§ **Goal of the exercise**: The following data has a line with "9225 SW 90th Street, Mustang, OK 73064" and a line with "رادار امامي و خلفي و نقطه عمياء". Write out exactly those lines and all the lines between them.

Provided data: Begin

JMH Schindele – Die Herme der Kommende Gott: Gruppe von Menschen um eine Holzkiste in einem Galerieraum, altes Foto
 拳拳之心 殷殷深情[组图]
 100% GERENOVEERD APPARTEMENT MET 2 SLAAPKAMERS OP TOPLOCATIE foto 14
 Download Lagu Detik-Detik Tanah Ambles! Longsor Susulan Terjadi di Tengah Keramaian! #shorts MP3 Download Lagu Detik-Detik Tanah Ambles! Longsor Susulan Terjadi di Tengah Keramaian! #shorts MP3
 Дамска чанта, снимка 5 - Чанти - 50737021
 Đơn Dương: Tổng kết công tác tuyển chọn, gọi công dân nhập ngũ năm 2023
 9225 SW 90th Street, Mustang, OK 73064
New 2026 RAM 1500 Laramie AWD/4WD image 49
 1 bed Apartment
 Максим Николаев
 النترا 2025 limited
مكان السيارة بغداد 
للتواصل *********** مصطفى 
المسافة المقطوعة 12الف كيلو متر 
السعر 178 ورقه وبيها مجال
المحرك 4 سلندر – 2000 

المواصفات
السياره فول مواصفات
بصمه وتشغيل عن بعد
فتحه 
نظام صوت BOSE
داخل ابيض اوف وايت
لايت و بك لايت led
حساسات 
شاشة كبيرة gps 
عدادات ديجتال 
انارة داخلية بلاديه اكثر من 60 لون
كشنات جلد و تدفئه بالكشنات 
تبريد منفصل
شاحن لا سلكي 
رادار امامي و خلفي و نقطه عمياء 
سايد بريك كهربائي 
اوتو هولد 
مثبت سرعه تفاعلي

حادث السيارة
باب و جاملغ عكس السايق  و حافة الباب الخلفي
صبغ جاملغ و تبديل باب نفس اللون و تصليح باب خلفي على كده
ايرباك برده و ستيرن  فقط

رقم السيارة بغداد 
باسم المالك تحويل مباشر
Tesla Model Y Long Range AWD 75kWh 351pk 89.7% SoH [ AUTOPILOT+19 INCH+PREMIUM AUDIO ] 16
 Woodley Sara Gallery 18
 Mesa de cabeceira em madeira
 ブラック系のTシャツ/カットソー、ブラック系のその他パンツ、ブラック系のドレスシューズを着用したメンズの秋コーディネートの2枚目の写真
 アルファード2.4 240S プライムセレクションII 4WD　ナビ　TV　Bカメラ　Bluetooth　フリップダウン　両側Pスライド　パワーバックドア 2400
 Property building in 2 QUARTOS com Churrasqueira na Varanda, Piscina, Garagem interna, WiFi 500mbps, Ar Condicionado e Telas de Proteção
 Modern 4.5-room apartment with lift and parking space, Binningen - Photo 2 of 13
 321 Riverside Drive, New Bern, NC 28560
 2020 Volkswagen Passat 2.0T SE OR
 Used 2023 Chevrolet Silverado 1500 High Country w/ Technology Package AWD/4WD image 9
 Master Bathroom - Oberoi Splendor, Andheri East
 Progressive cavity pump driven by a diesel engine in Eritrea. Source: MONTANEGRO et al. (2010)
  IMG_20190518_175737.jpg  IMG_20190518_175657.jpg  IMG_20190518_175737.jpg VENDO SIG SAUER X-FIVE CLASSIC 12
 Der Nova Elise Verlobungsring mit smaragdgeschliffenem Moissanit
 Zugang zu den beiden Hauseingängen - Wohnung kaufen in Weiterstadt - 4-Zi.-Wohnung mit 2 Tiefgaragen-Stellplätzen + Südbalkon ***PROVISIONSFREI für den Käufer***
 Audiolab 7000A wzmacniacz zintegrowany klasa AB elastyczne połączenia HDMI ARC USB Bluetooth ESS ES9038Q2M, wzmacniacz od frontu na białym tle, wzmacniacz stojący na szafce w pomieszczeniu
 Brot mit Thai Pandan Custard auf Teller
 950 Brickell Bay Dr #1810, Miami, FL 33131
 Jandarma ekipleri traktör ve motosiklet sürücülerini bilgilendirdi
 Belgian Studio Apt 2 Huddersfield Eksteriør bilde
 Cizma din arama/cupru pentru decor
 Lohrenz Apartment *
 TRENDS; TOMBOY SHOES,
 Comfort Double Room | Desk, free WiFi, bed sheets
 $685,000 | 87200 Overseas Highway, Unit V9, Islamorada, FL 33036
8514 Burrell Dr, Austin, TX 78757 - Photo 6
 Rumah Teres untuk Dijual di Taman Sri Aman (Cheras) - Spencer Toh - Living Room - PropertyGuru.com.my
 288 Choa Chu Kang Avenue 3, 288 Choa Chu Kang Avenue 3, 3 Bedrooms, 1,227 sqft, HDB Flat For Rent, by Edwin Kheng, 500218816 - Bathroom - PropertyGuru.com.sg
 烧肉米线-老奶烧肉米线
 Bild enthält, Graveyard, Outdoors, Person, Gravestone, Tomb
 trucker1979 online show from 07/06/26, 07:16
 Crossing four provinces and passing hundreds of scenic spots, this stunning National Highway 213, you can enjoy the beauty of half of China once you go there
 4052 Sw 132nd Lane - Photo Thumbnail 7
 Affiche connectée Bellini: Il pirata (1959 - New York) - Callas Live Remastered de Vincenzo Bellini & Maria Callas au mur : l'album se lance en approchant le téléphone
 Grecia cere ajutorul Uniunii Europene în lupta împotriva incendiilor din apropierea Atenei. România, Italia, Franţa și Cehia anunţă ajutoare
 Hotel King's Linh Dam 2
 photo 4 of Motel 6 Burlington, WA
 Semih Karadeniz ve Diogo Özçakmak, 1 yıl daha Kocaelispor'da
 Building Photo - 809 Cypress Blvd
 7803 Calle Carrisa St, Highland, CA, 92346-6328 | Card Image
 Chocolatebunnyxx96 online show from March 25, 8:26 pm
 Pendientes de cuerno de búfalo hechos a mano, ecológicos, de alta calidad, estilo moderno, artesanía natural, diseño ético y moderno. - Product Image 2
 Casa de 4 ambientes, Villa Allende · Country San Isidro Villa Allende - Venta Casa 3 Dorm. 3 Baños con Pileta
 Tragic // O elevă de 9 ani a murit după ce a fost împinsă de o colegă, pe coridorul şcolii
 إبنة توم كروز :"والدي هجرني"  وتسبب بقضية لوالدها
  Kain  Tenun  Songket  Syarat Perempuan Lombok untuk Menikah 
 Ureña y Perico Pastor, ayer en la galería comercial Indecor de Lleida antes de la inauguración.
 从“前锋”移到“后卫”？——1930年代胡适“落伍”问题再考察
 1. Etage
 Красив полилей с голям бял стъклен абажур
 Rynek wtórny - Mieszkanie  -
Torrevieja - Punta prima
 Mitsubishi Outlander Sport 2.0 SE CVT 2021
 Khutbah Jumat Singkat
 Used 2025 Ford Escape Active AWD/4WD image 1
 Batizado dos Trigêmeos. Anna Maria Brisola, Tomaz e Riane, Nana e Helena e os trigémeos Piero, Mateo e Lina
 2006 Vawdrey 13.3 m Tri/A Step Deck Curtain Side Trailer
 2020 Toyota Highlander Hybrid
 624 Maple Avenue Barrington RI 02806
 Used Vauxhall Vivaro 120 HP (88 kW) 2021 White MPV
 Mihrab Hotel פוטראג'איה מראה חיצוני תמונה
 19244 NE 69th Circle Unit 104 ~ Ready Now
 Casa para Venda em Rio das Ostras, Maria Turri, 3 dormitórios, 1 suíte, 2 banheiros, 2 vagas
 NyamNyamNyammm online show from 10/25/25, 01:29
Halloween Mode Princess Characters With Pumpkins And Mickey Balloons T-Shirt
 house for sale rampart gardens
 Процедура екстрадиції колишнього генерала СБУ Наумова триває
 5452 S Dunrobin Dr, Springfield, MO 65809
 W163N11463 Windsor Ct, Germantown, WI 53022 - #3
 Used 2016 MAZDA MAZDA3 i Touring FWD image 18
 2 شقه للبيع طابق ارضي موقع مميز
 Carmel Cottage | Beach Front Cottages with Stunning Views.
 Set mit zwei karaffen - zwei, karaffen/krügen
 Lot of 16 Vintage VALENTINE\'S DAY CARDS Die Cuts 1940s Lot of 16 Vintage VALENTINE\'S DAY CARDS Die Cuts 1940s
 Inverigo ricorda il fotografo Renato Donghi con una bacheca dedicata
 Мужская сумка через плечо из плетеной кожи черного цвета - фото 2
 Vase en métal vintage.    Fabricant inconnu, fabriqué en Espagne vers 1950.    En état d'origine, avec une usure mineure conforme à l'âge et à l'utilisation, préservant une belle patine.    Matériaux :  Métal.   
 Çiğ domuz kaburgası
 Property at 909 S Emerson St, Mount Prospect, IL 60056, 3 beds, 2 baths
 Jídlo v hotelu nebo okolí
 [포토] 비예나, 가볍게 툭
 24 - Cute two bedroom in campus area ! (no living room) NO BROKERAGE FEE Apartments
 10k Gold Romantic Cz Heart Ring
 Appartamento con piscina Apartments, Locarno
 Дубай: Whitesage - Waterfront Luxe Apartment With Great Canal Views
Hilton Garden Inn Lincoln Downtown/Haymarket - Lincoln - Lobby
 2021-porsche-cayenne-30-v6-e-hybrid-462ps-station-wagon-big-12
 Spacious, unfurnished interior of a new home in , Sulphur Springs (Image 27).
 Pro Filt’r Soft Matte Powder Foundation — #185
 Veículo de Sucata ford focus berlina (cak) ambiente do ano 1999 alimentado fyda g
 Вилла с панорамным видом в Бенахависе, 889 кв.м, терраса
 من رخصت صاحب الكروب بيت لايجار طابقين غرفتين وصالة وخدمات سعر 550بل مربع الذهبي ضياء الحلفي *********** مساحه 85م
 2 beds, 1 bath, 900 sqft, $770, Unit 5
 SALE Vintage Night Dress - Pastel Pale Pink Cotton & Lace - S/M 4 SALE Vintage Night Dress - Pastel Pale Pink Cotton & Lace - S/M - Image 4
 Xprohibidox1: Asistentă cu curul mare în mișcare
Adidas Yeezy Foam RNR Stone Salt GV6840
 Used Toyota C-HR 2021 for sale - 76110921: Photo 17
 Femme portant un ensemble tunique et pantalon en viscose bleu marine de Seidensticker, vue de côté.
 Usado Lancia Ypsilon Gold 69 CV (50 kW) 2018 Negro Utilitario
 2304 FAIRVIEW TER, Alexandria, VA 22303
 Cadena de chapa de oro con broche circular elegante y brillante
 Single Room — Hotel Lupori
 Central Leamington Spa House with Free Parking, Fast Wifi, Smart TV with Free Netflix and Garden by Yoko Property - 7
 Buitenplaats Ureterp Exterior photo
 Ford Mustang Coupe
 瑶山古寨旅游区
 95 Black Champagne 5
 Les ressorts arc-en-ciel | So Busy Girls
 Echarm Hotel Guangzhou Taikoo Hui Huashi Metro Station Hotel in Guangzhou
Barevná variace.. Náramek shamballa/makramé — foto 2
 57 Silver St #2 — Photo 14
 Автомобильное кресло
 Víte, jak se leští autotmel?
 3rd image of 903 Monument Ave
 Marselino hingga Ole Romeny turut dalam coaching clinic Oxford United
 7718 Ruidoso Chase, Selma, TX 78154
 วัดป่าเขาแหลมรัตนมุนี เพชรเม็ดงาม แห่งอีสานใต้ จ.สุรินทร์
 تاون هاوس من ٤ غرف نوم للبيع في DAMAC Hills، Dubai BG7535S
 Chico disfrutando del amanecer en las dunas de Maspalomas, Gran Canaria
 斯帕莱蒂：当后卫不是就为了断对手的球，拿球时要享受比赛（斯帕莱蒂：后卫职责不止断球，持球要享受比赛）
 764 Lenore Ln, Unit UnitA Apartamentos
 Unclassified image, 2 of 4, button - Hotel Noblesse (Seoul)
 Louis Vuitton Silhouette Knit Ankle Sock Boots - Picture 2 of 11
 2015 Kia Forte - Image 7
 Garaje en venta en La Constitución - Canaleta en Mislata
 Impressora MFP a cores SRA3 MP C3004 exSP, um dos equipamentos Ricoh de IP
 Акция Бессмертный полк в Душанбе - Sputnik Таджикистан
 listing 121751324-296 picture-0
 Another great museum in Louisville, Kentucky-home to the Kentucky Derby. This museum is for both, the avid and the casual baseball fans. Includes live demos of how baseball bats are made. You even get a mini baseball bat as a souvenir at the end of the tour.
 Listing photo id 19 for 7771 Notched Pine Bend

Provided data: End

§ **Exercise output**:
 9225 SW 90th Street, Mustang, OK 73064
New 2026 RAM 1500 Laramie AWD/4WD image 49
 1 bed Apartment
 Максим Николаев
 النترا 2025 limited
مكان السيارة بغداد 
للتواصل *********** مصطفى 
المسافة المقطوعة 12الف كيلو متر 
السعر 178 ورقه وبيها مجال
المحرك 4 سلندر – 2000 

المواصفات
السياره فول مواصفات
بصمه وتشغيل عن بعد
فتحه 
نظام صوت BOSE
داخل ابيض اوف وايت
لايت و بك لايت led
حساسات 
شاشة كبيرة gps 
عدادات ديجتال 
انارة داخلية بلاديه اكثر من 60 لون
كشنات جلد و تدفئه بالكشنات 
تبريد منفصل
شاحن لا سلكي 
رادار امامي و خلفي و نقطه عمياء 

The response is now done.